Short descriptive text snippets:

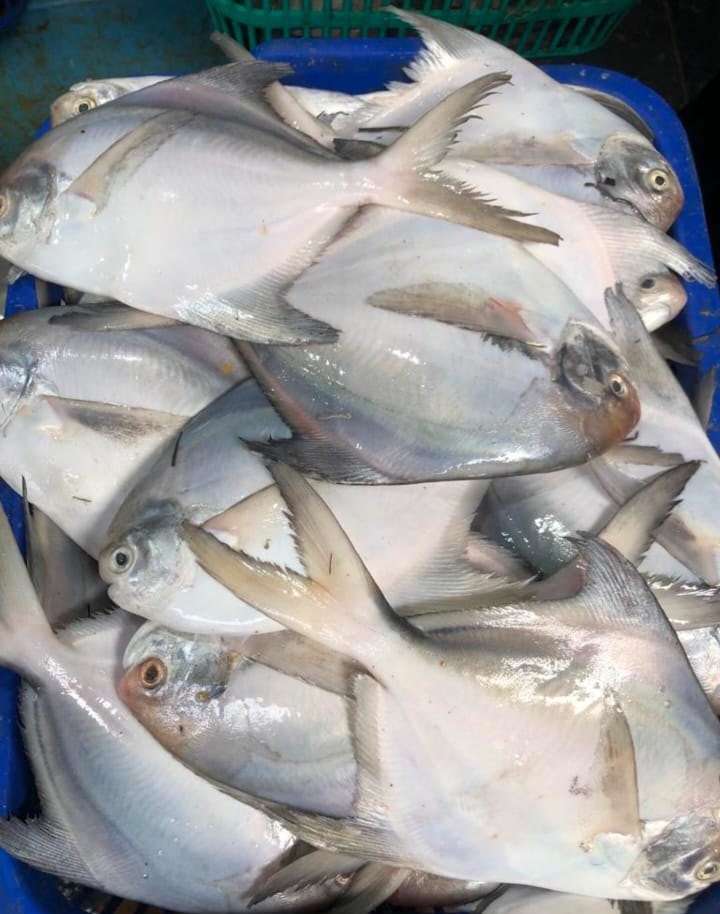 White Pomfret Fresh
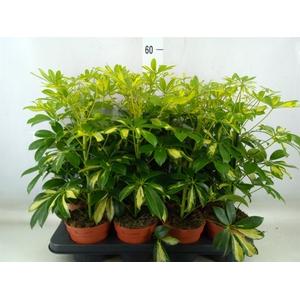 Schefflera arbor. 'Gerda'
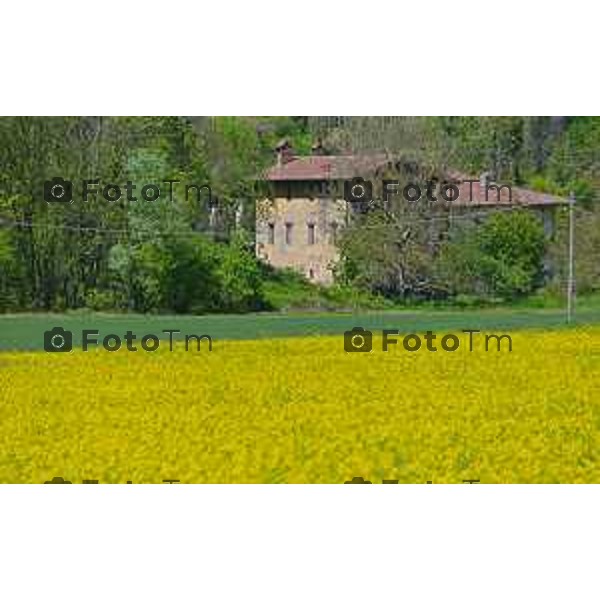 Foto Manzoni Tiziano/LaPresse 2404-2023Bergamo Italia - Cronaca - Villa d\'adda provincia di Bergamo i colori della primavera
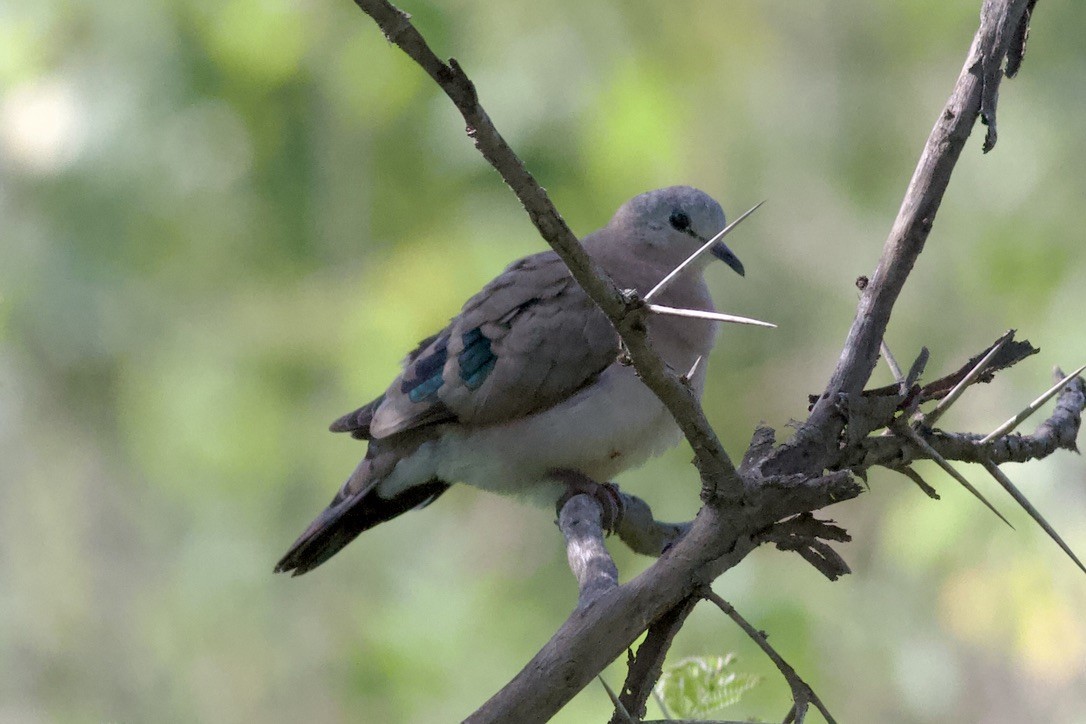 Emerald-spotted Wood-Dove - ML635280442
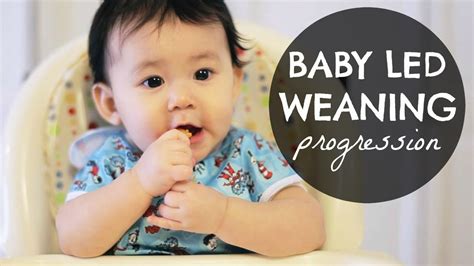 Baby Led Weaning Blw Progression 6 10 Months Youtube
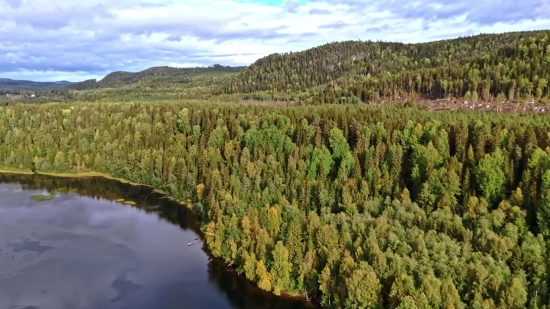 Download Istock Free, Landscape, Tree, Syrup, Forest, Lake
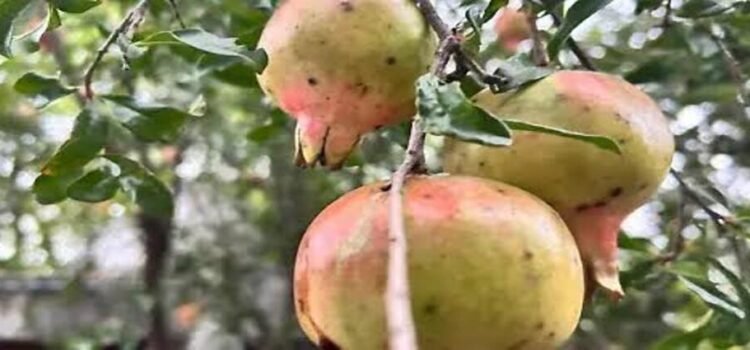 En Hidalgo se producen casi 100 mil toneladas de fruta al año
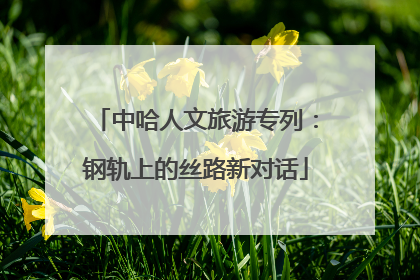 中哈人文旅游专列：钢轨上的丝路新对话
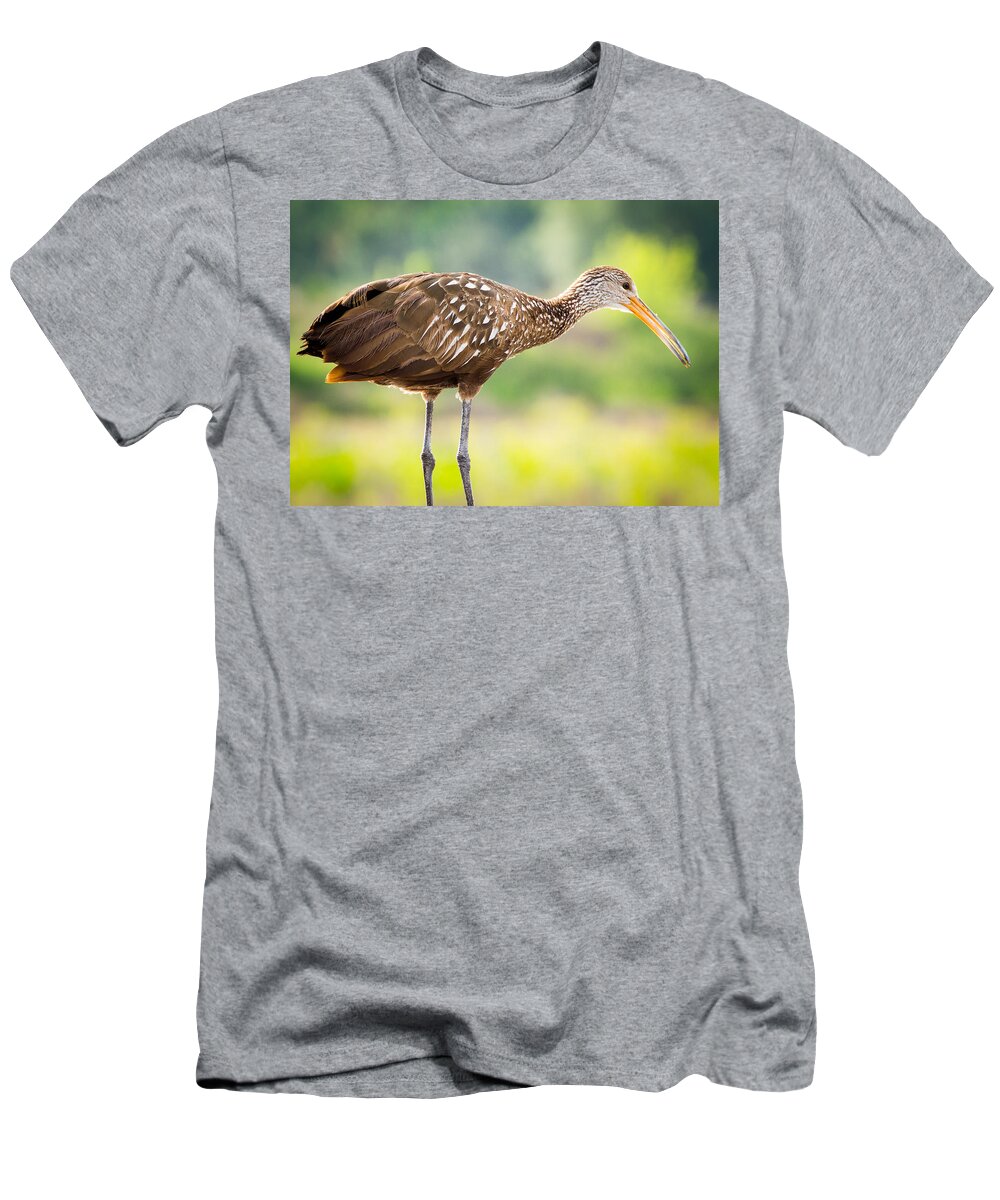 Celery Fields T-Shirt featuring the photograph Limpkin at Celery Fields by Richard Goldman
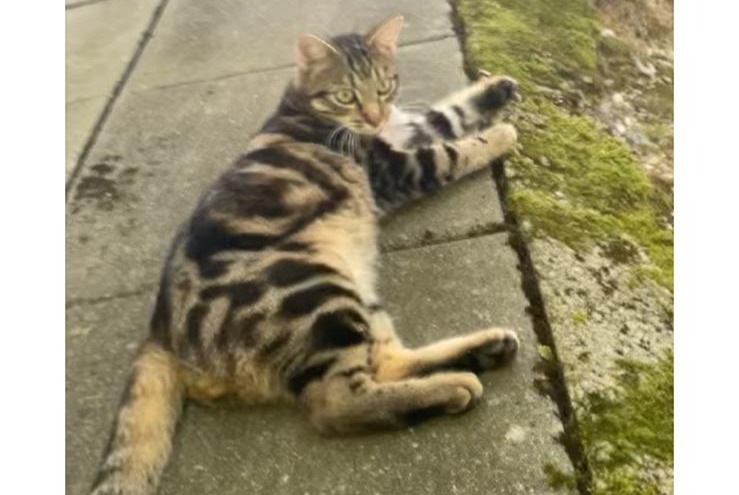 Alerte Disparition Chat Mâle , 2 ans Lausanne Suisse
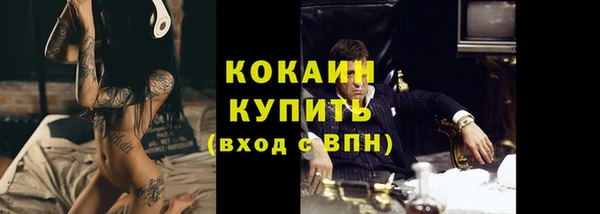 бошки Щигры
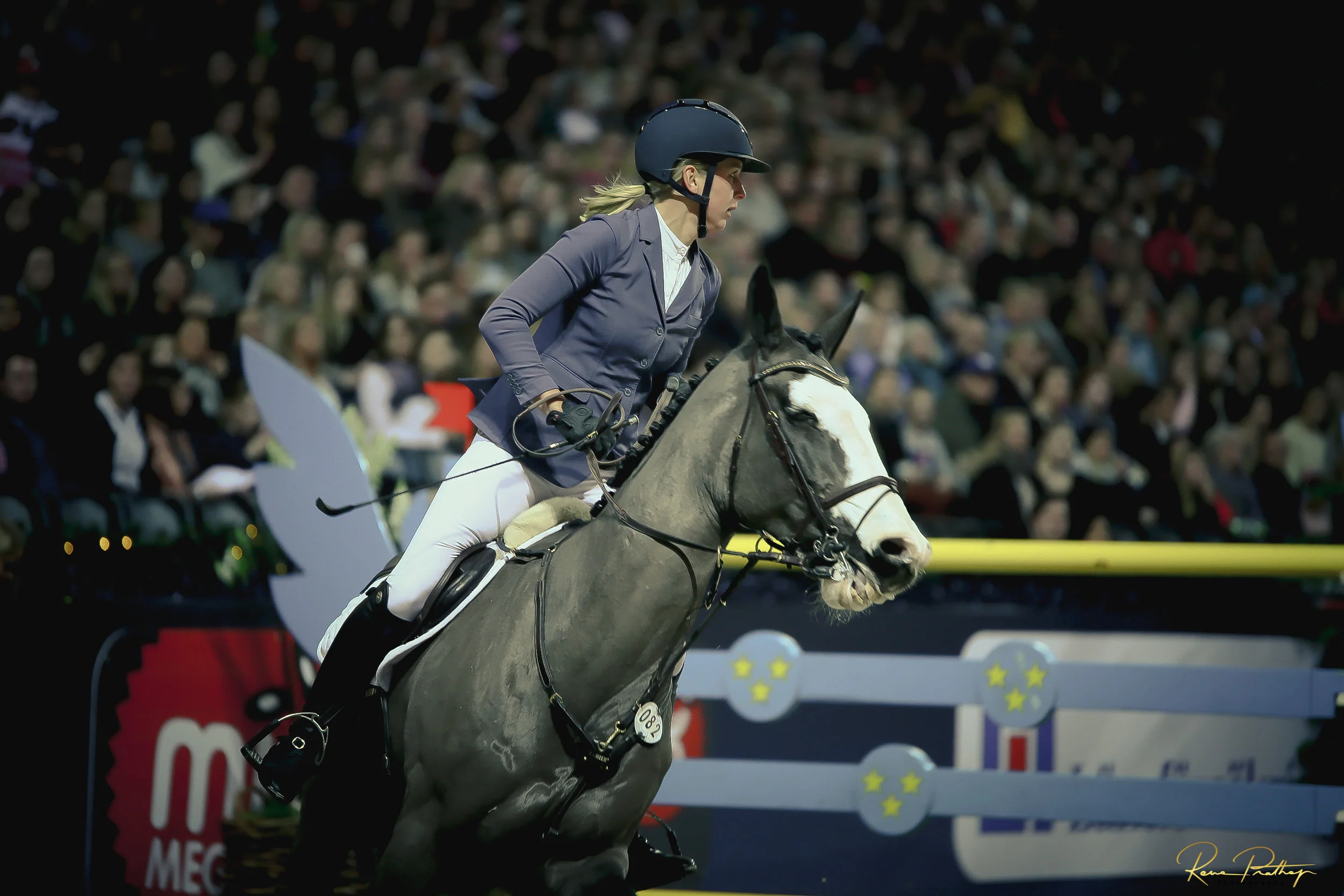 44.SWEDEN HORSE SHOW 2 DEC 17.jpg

**Aim of the exercise:**
Lines from the one containing "Foto Manzoni Tiziano/LaPresse" through the end of the entries above, both included, are to be written out exactly; no pictures and no other lines.

**Written answer:**
 Foto Manzoni Tiziano/LaPresse 2404-2023Bergamo Italia - Cronaca - Villa d\'adda provincia di Bergamo i colori della primavera
 Emerald-spotted Wood-Dove - ML635280442
 Baby Led Weaning Blw Progression 6 10 Months Youtube
 Download Istock Free, Landscape, Tree, Syrup, Forest, Lake
 En Hidalgo se producen casi 100 mil toneladas de fruta al año
 中哈人文旅游专列：钢轨上的丝路新对话
 Celery Fields T-Shirt featuring the photograph Limpkin at Celery Fields by Richard Goldman
 Alerte Disparition Chat Mâle , 2 ans Lausanne Suisse
 бошки Щигры
 44.SWEDEN HORSE SHOW 2 DEC 17.jpg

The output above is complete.